The bill also creates a $6,500 credit for those who buy a home after living in their current house at least five years. That measure would apply to contracts signed by April 30 and closed by June 30. The current credit defines a first-time homebuyer as someone who has not owned a residence within the past three years.
The credit would be available only for the purchase of principal residences priced at $800,000 or less.
The bill would raise the adjusted gross income cap to $125,000 for single filers and $225,000 for joint filers. The amount of the credit currently begins to phase out for taxpayers whose adjusted gross income is more than $75,000, or $150,000 for joint filers.
“It’s gonna put people back to work, the home builders, put people in the real estate business,” said Sen. Chris Dodd, D-Conn. “The kind of jobs that can make a difference.”
The extension will cost $10.8 billion over 10 years, according to the Joint Committee on Taxation.
Through mid-September, 1.4 million tax returns had qualified for the credit, according to the IRS. Some portion of those returns, which the IRS couldn’t specify, represents buyers who took advantage of an earlier version of the tax credit, which was only worth $7,500 and has to be repaid over time.
By the end of November, the credit will have been used by 1.8 million homebuyers, at least 355,000 of whom would not have bought a house without the tax break, according to estimates by the National Association of Realtors.
“The data on the present home buyer tax credit show that the credit has had its intended impact – sales have jumped in recent months to a projected 5.1 million for the year and housing inventory has been trimmed, thus stabilizing home prices noticeably,” said Ron Phipps, the association’s first vice president, in Senate testimony last month.

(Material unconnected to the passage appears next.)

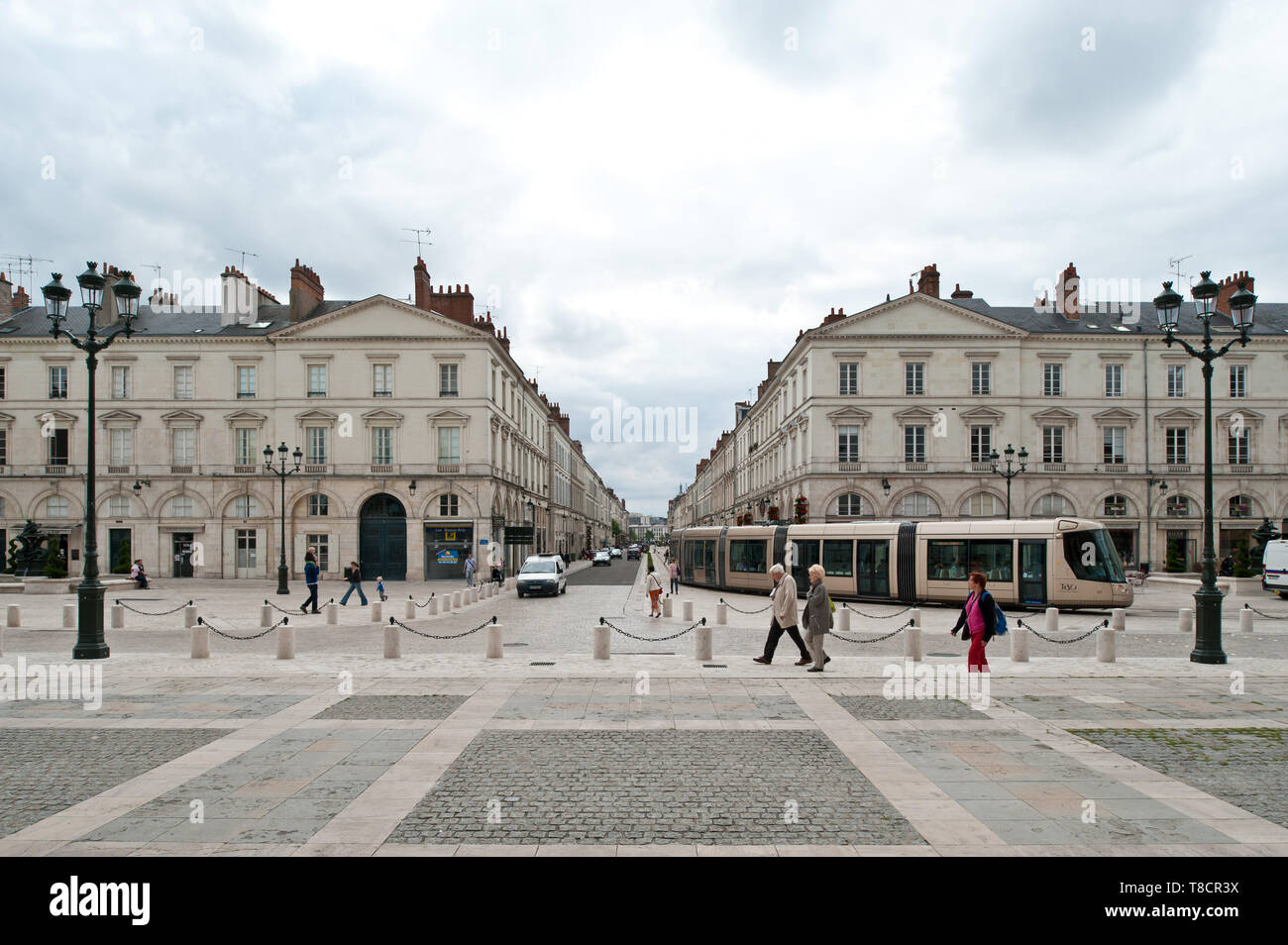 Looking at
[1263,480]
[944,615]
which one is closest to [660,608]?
[944,615]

The credit, however, has also posed many problems. Critics say it’s a waste of money because most of those claiming the credit would have bought homes anyway.

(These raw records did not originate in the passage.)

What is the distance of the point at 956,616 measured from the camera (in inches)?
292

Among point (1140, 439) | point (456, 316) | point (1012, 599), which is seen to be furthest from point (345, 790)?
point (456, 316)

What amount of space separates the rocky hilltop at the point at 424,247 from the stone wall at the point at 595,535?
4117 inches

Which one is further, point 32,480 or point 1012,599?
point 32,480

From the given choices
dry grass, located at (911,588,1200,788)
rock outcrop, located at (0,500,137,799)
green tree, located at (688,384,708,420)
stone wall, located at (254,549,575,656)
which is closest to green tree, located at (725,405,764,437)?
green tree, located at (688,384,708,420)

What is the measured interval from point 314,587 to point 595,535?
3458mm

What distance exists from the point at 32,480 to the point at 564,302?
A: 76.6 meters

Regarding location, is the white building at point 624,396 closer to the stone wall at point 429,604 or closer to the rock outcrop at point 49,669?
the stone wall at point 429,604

It’s also been the target of fraud. Some 74,000 people claimed more than $500 million in credits even though they may not be first-time homeowners, according to Treasury officials. And more than 580 children, including some as young as 4-years-old, have claimed the credit.
“Some key controls were missing to prevent an individual from erroneously or fraudulently claiming the credit and receiving an erroneous refund of up to $8,000,” said J. Russell George, Treasury inspector general for tax administration, before a House subcommittee last month.
There are so many things wrong with this I don’t even know where to begin. First we have the original $8000 credit that has now been extended. Much like cash for clunkers, this has done little to stimulate sales. The article claims 1.8 million have claimed the credit, but only 355,000 have bought homes because of the credit. At least it hasn’t stimulated enough sales to create another bubble, but it has cost taxpayers about $40,000 per home sold because of the program. And now we’ve decided to extend it. I would really like someone to explain to me the benefits of these arbitrary tax cuts for select groups, many of which don’t pay taxes in the first place, or have for a very short period of time.
Now we decide to give a $6500 for all home purchases. Unfortunately, we have decided to again arbitrarily cut out anyone from this program that has not lived in their current home for 5 years. What happens to the guy that did everything right, but unfortunately bought just before the market collapsed? I’m talking about someone who bought a home in a reasonable market with a reasonable downpayment that was well within their means that is now excluded from this credit. What is the logical reason to exclude them?
Unfortunately, if this $6500 credit does have any impact it will be a negative one. Just like the first-time homebuyer credit, very few will buy exclusively because of the credit.
For 99% of those affected by this they will have to sell their current home in order to purchase a new one and get the credit. Our legislators seem to have forgotten that many people have put off selling the last couple of years because of the already high supply of homes. What we will find is that these people now have an incentive to sell and will gladly take $6500 less for their home than they otherwise would have in order to move and buy a new home. We also have those that are currently trying to sell and move. They will have just as much of an incentive to take $6500 less. Guess what happens after all this? Everbody’s home value falls by $6500, hooray! (Except of course in the eyes of our county appraisers, I’m sure they’ll just ignore any impact this has. Got to keep those county assesments up or the poor children won’t be able to get to school.)